Je regrette que cette phrase ait pu vous heurter. J’entendais ainsi synthétiser, d’une façon peut-être trop rapide, tout un passage de l’ouvrage auquel je me suis ici référé (Alain de Botton, Du statut social, Mercure de France, 2005). Je vous transcris ce passage, non pour user d’un argument d’autorité, mais afin d’alimenter le débat. Alain de Botton remarque que, dès l’Antiquité, « l’idée que l’inégalité était juste ou du moins irrévocable était souvent partagée par les opprimés eux- mêmes », puis il ajoute: « Avec l’expansion du christianisme vers la fin de l’empire romain, beaucoup d’entre eux devinrent la proie d’une religion qui leur enseignait à considérer leur condition inférieure comme faisant partie d’un ordre immuable. Malgré les principes égalitaires de l’enseignement du Christ, les théoriciens politiques chrétiens ne suggéraient guère que la structure sociale pouvait être réformée afin que les moins favorisés puissent avoir une part plus équitable de la richesse du monde. Sans doute les hommes étaient-ils égaux devant Dieu, mais cela ne semblait pas être une raison pour commencer à rechercher l’égalité sur terre.
Pour ces théoriciens, une bonne société chrétienne prenait donc la forme d’une monarchie absolue strictement hiérarchisée, qui était censée refléter l’ordonnancement du monde céleste. De même, selon eux, que Dieu exerçait un pouvoir absolu sur toute la création, des anges jusqu’aux plus petits crapauds, les souverains de droit divin régnaient sur une société où Dieu avait attribué à chacun sa place, du noble jusqu’au valet de ferme » (pp. 63-64).

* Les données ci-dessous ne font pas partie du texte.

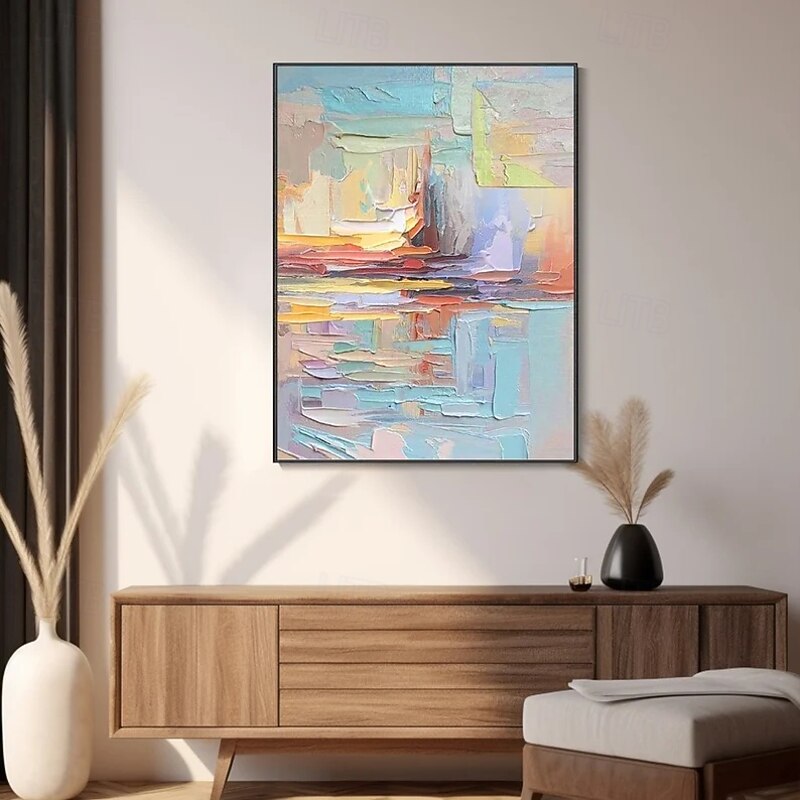 3-Piece Abstract Oil Painting Set, Handcrafted Modern Home Decor, Unique Palette Knife Technique Canvas Art, Living Room or Bedroom Wall Art2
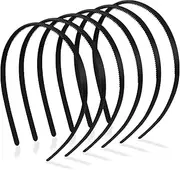 Hanyousheng 6 Pack Plastic Headband, 8mm Teeth Comb Headband, Black Non-slip Hair Hoop, Unisex Sport Fashion Hair Band Accessories for Women and Men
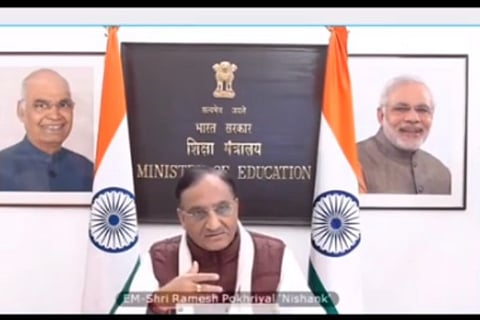 A screengrab from the webinar. Image Courtesy: Twitter -  @@DrRPNishank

Cette analyse me paraît pertinente et il me semble qu’il serait un peu vain de nier que l’Eglise ait été tout au long des siècles une force essentielle du conservatisme social et politique. Néanmoins, disant cela, je ne méconnais pas pour autant l’action menée par de nombreux chrétiens pour l’émancipation des opprimés. Je dis souvent que les meilleurs militants que j’ai rencontrés étaient des chrétiens de gauche, par la qualité de leur engagement, leur courage, leur dévouement, leur désintéressement. Beaucoup sont ou ont été des camarades et des amis. Je sais qu’ils ont agi au nom de leur foi et leur sincérité ne fait aucun doute. Au nom de leur foi, mais, malheureusement, et c’est là que le bât blesse, pas au nom de leur Eglise! Celle-ci s’est au contraire évertuée à multiplier à leur égard les conseils de prudence et de modération, elle leur a souvent infligé des blâmes, elle a même prononcé de pures et simples condamnations comme cela a été le cas pour la Théologie de la libération en Amérique latine ou le mouvement des prêtres-ouvriers en France. Je n’ai ni qualité ni compétence pour discuter les enseignements du Christ, encore qu’une formule christique comme: « mon royaume n’est pas de ce monde » ne me semble pas de nature à encourager la lutte pour changer notre ici-bas. Par ailleurs, quels que soient les mérites des chrétiens engagés dans l’action quotidienne pour la libération des opprimés et des dominés, la réalité du christianisme -fut-ce dans sa version catholique- continue à s’incarner dans l’Eglise de Rome et il ne semble pas que ce soit aujourd’hui une référence pour les hommes et les femmes de progrès.